From the listing below, output only the lines starting at the line that has "The North Face" and ending at the line that has "Dingo TPR Rubber", exactly as they appear, ends included.

Input for this task →
----------
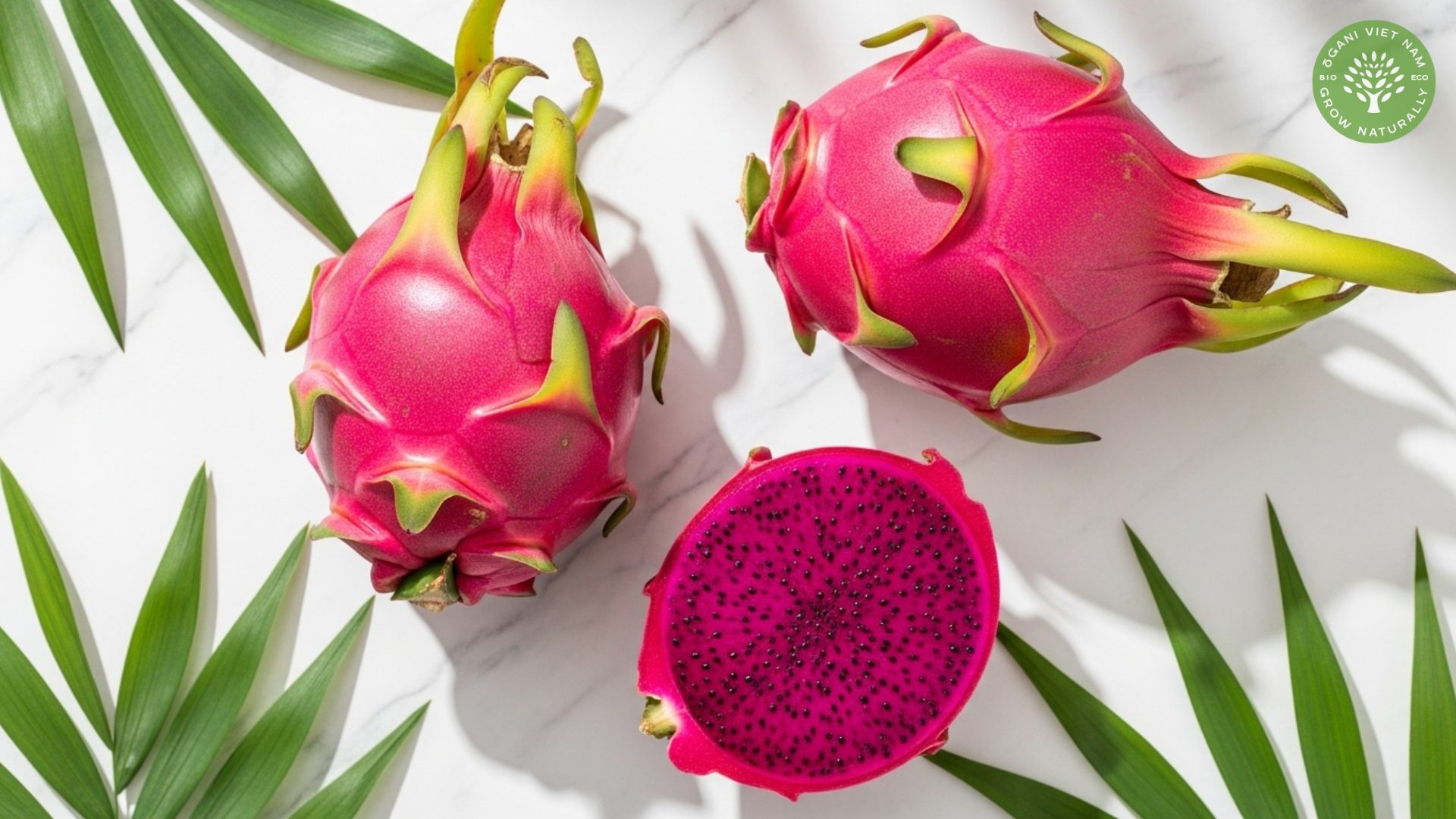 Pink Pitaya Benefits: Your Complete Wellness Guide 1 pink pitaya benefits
----------
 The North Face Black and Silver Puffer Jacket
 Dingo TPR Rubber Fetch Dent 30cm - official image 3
----------
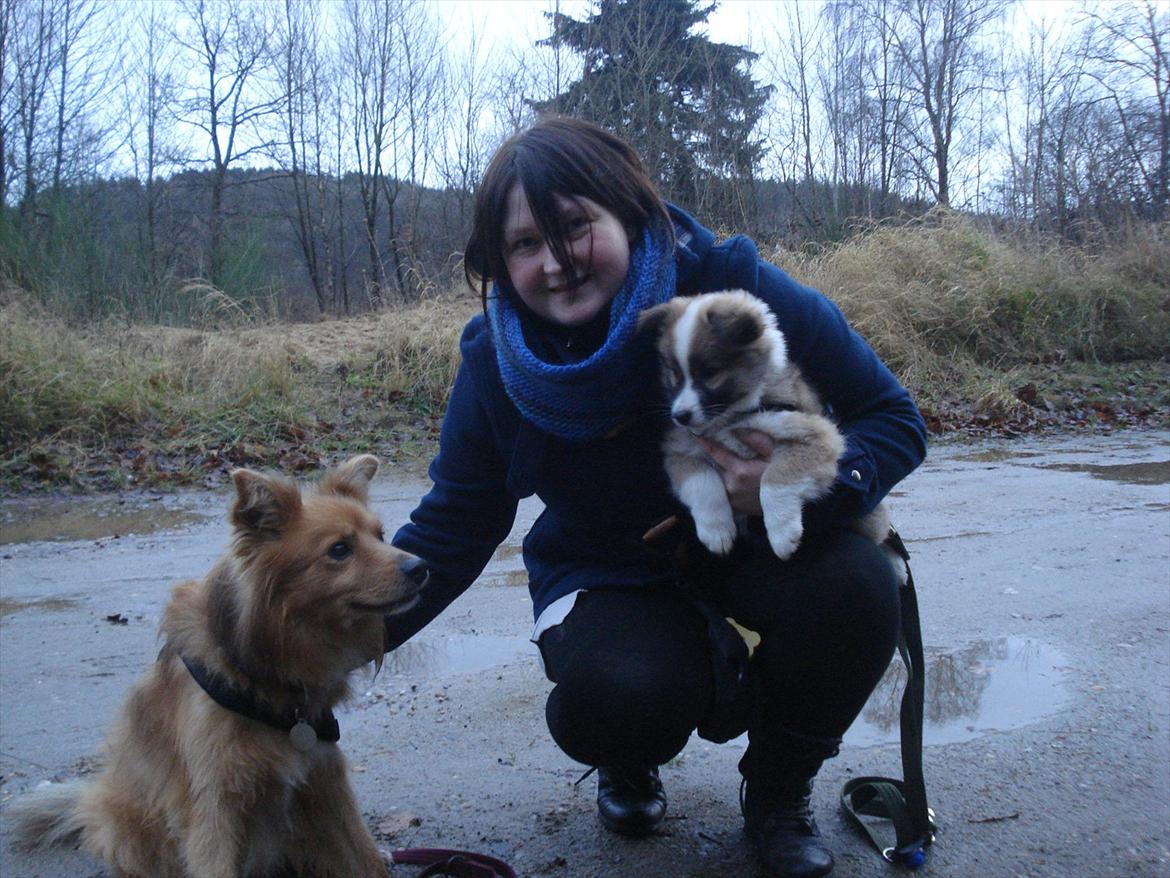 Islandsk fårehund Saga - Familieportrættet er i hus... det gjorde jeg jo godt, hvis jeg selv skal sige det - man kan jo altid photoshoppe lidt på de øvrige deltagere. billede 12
----------
Response box →
 The North Face Black and Silver Puffer Jacket
 Dingo TPR Rubber Fetch Dent 30cm - official image 3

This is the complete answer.